BEGIN

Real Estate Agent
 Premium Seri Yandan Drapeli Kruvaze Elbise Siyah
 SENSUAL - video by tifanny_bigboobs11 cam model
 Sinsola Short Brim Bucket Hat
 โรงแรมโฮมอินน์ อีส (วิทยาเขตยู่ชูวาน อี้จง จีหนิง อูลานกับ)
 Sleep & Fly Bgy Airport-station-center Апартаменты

END

- **TASK DETAILS**
Write the listing out again, word for word.

- **ANSWER TO THE EXERCISE**
Real Estate Agent
 Premium Seri Yandan Drapeli Kruvaze Elbise Siyah
 SENSUAL - video by tifanny_bigboobs11 cam model
 Sinsola Short Brim Bucket Hat
 โรงแรมโฮมอินน์ อีส (วิทยาเขตยู่ชูวาน อี้จง จีหนิง อูลานกับ)
 Sleep & Fly Bgy Airport-station-center Апартаменты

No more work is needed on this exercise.